▸ Your task
Repeat every entry word for word; omit all pictures.

__________

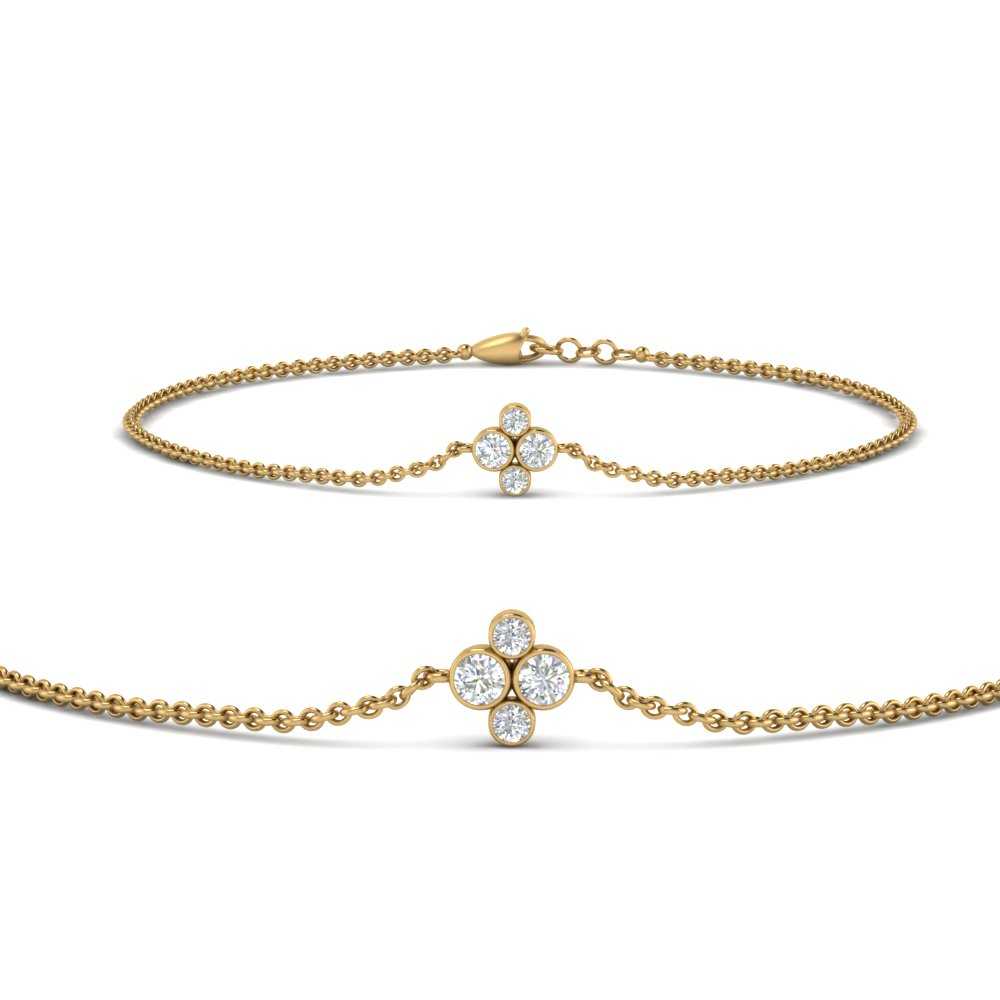 chain-four-diamond-stacking-bracelet-in-FDBRC9628ANGLE2-NL-YG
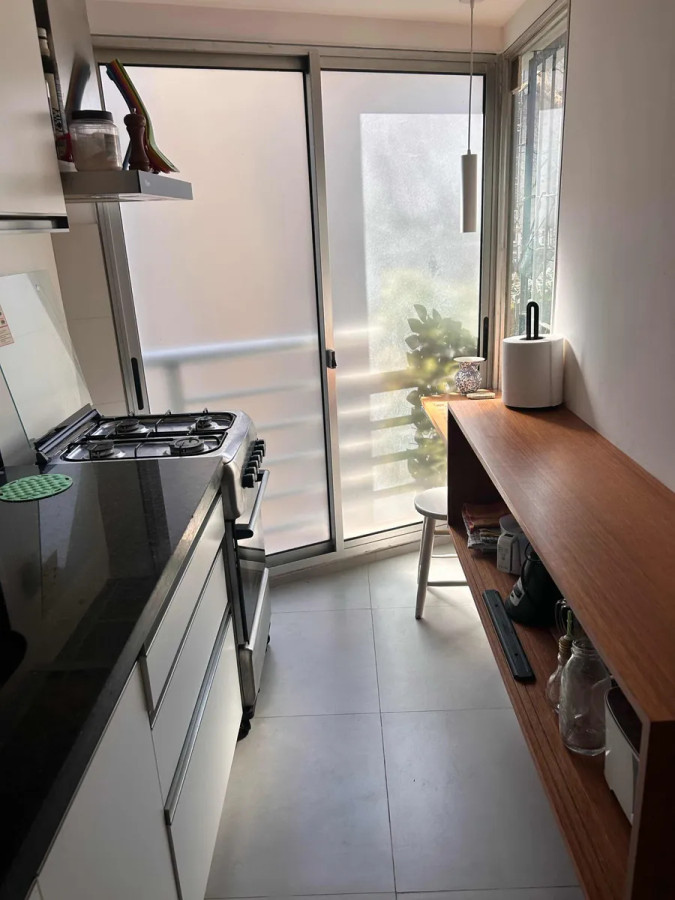 Apartamento ID.5230 - Alquiler Apartamento 2 Dormitorios Pocitos con balcon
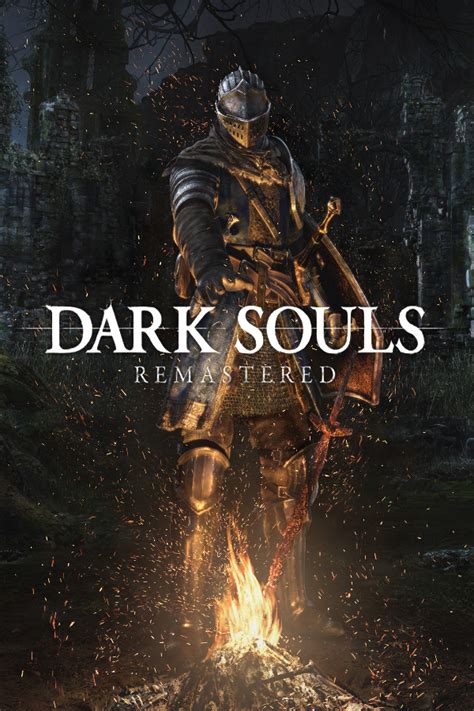 Dark Souls™ Remastered Steamgriddb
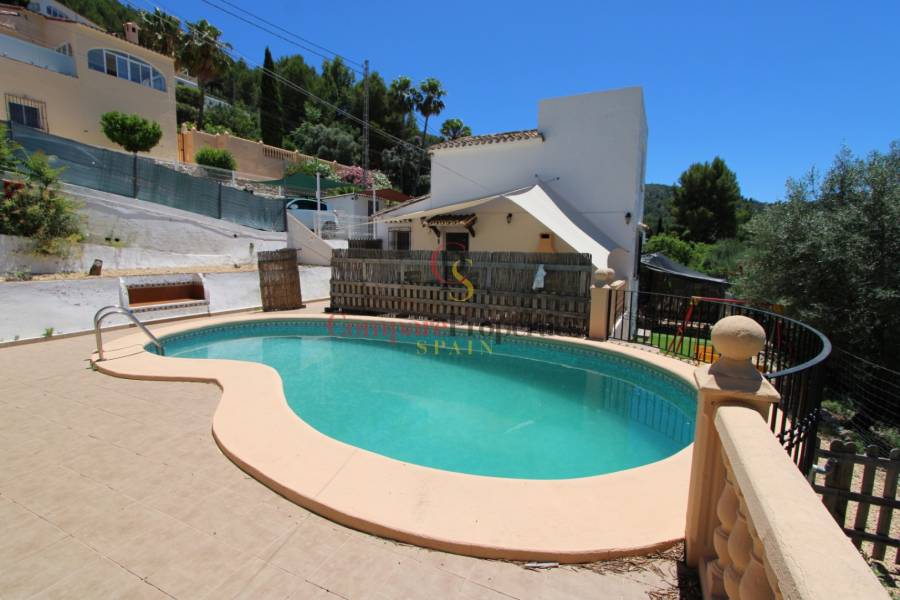 Sale - Villa - Orba Valley - Orba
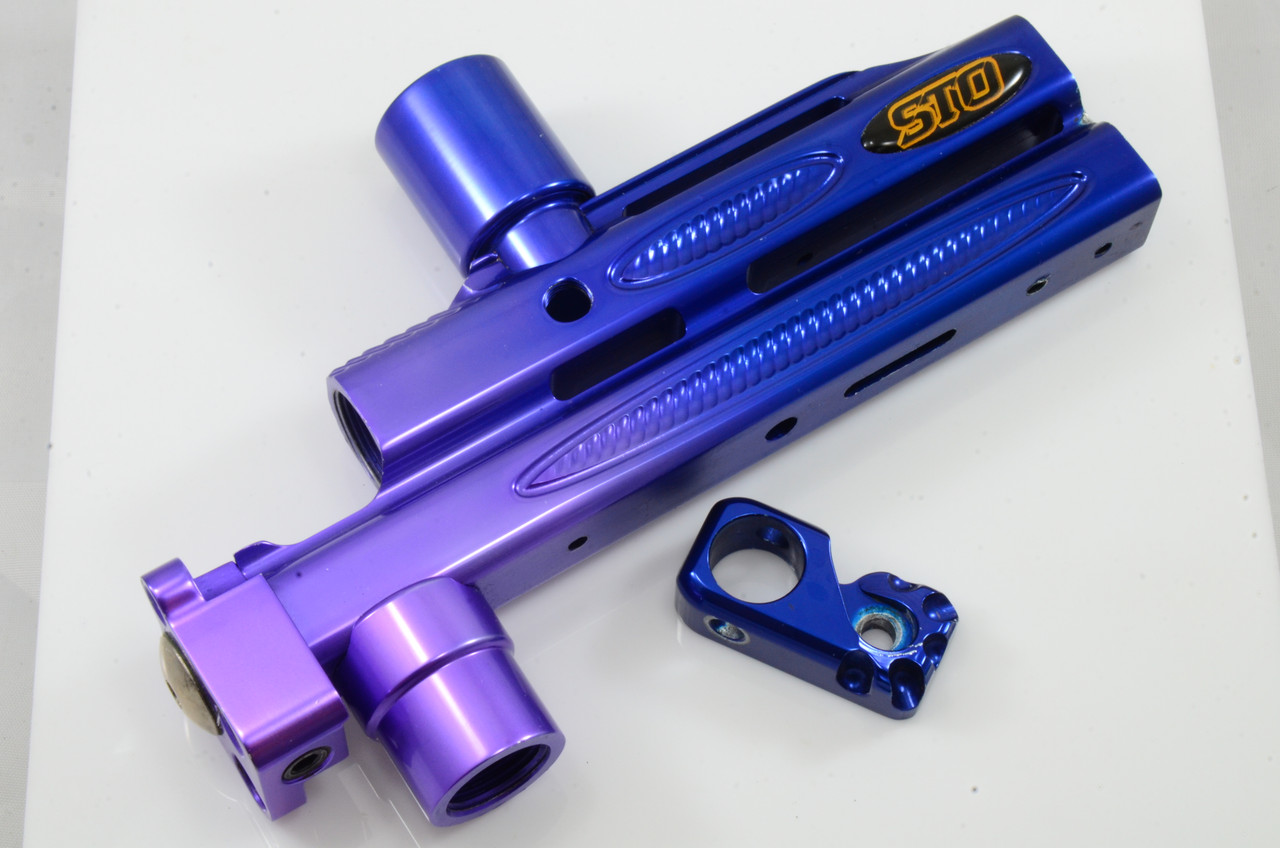 WGP - 2001 STO Autococker Body Kit - Blue/Purple Fade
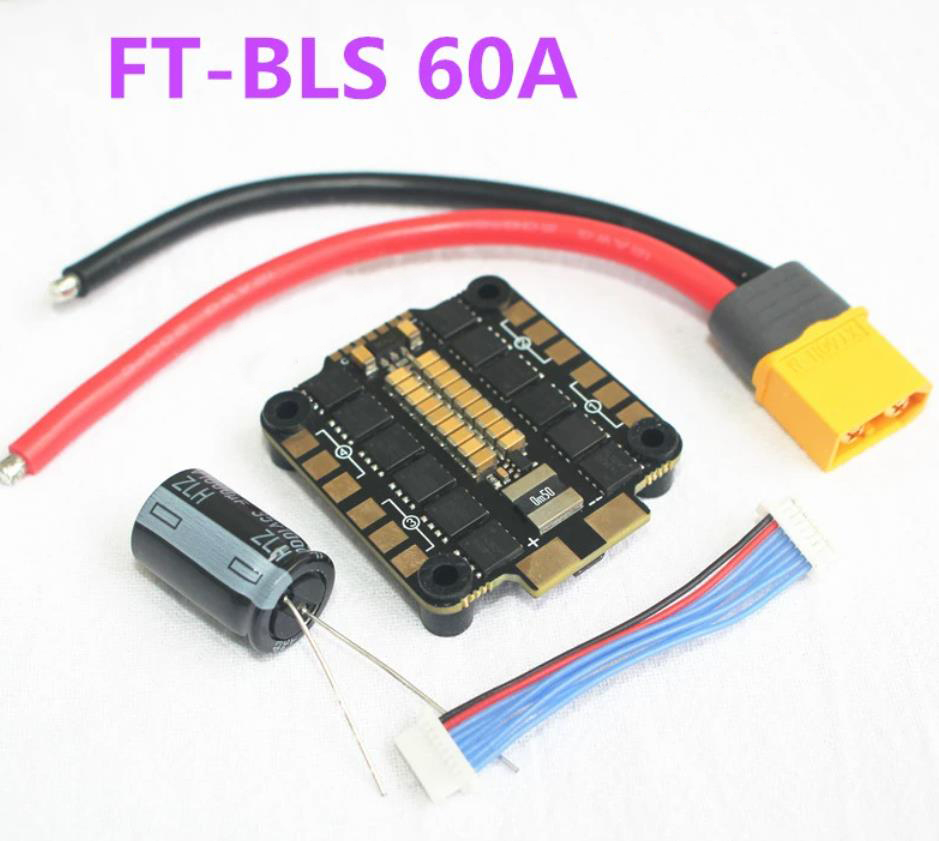 Stack ESC F405 V2 Betaflight F - Fpv Flight Controller F7 Stack 60A recensione e prezzo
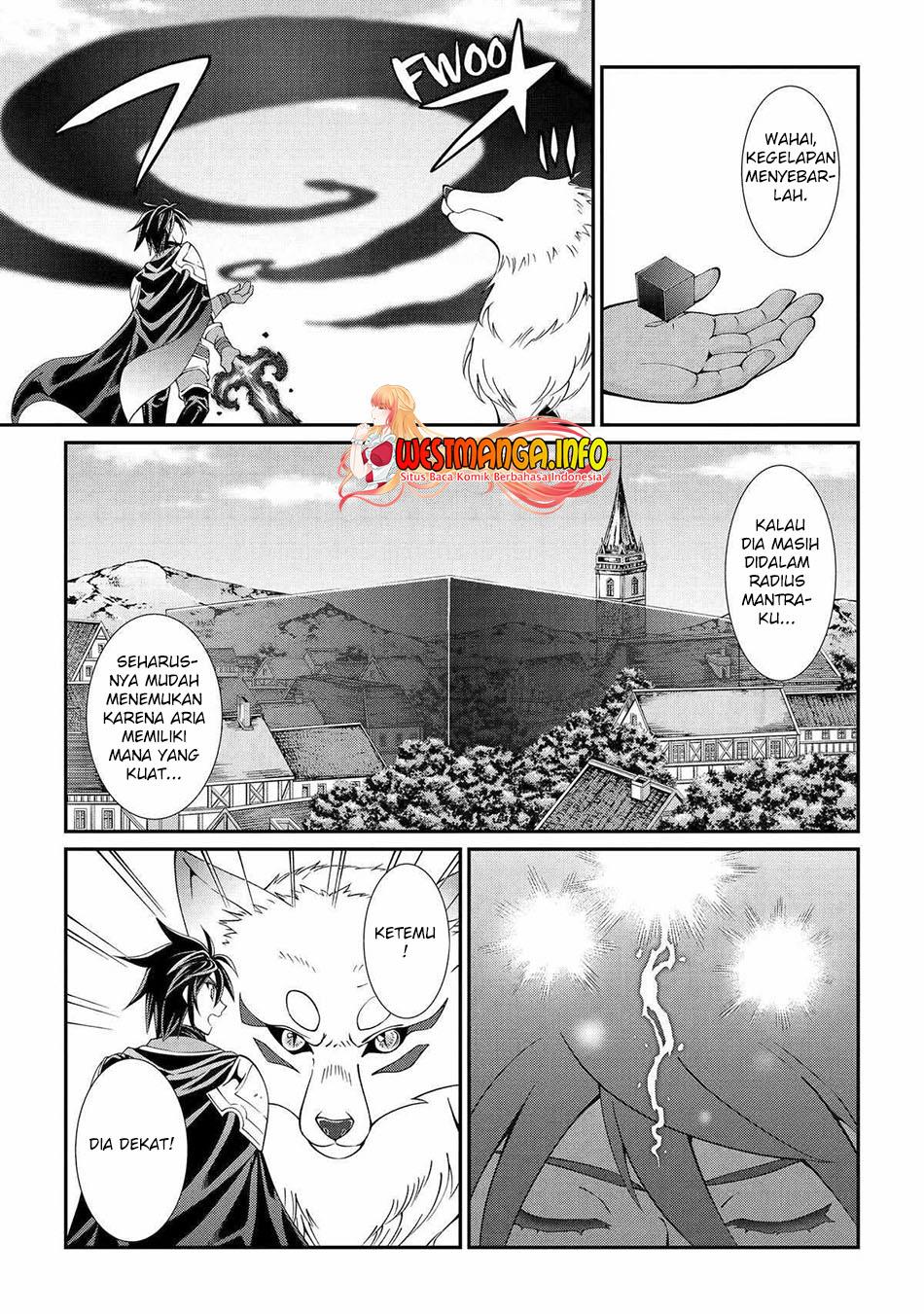 KomiknShikkoku Tsukai no Saikyo Yusha Nakama Zen’in ni Uragira Retanode Saikyo no Mamono Chapter 69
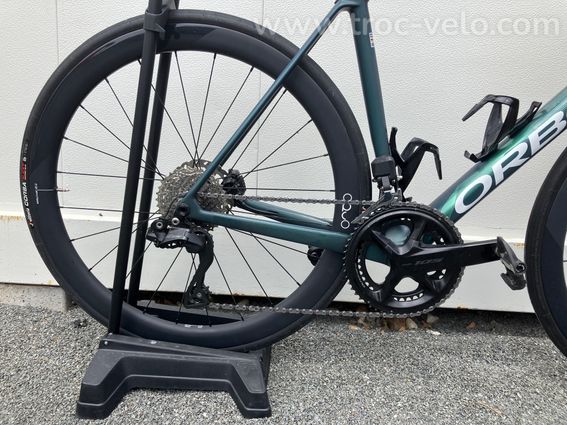 Orbea Orca M30LTD 2025 – Vert Sapin - 3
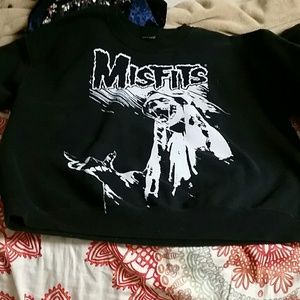 Misfits Sweater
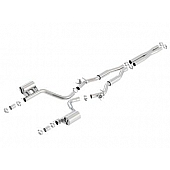 Borla Exhaust S-Type Cat Back System - 140668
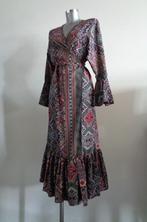 Kimono maxi van Unidiva - Free Size NIEUW met kaartjes, Verzenden, Nieuw, Onder de knie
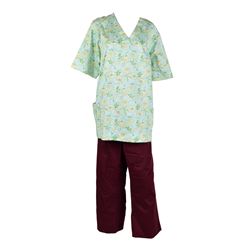 Melissa McCarthy Screen-Worn Scrub Outfit from St. Vincent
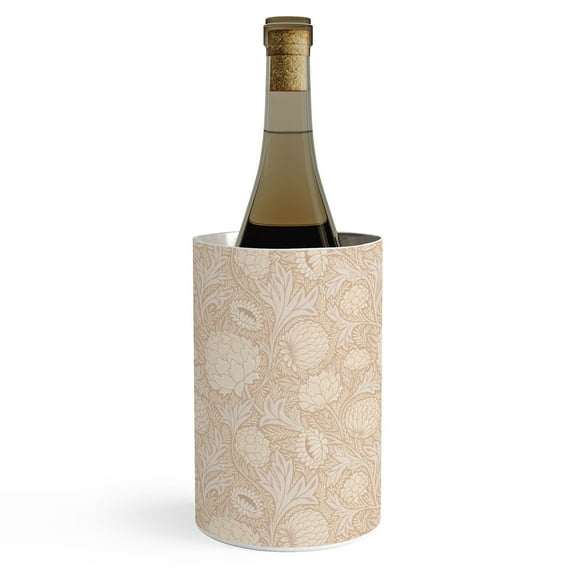 Society6 Avenie Countryside Garden Floral III Wine Chiller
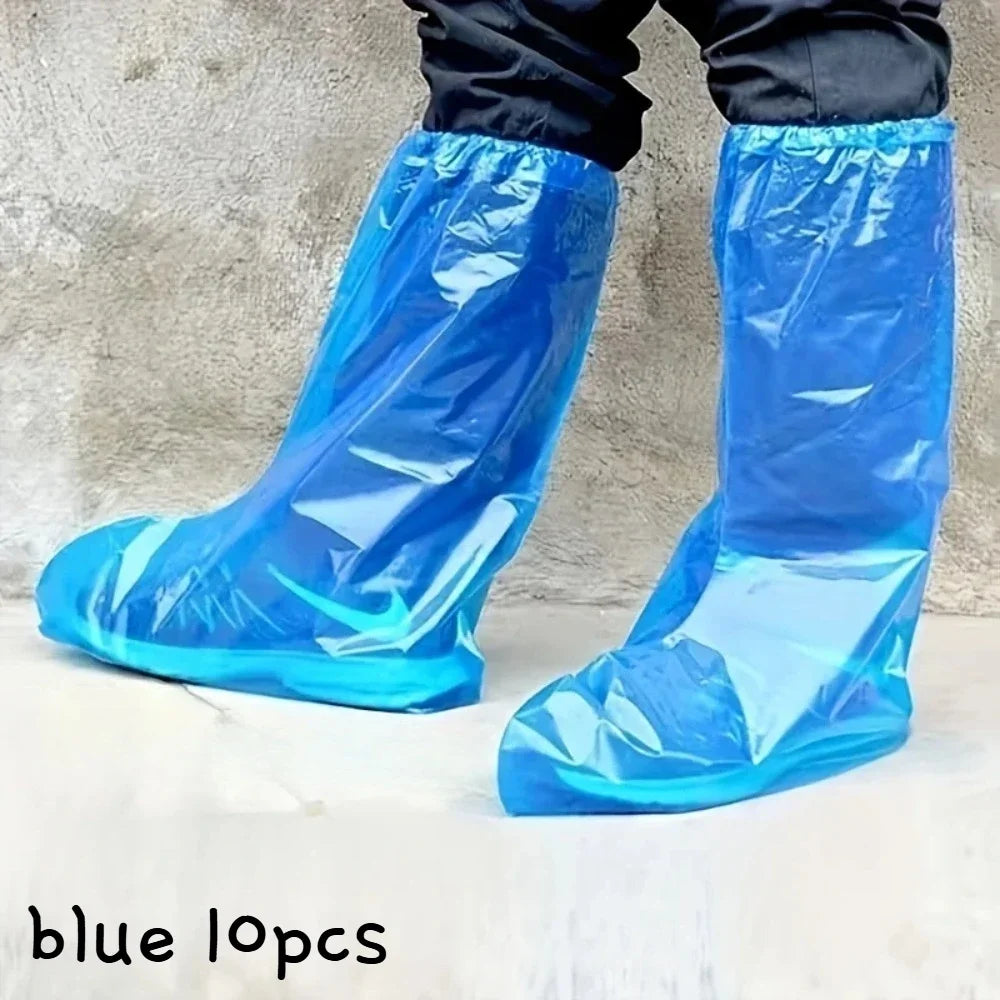 Disposable Waterproof Shoe Covers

__________

▸ Task output
 chain-four-diamond-stacking-bracelet-in-FDBRC9628ANGLE2-NL-YG
 Apartamento ID.5230 - Alquiler Apartamento 2 Dormitorios Pocitos con balcon
 Dark Souls™ Remastered Steamgriddb
 Sale - Villa - Orba Valley - Orba
 WGP - 2001 STO Autococker Body Kit - Blue/Purple Fade
 Stack ESC F405 V2 Betaflight F - Fpv Flight Controller F7 Stack 60A recensione e prezzo
 KomiknShikkoku Tsukai no Saikyo Yusha Nakama Zen’in ni Uragira Retanode Saikyo no Mamono Chapter 69
 Orbea Orca M30LTD 2025 – Vert Sapin - 3
 Misfits Sweater
 Borla Exhaust S-Type Cat Back System - 140668
 Kimono maxi van Unidiva - Free Size NIEUW met kaartjes, Verzenden, Nieuw, Onder de knie
 Melissa McCarthy Screen-Worn Scrub Outfit from St. Vincent
 Society6 Avenie Countryside Garden Floral III Wine Chiller
 Disposable Waterproof Shoe Covers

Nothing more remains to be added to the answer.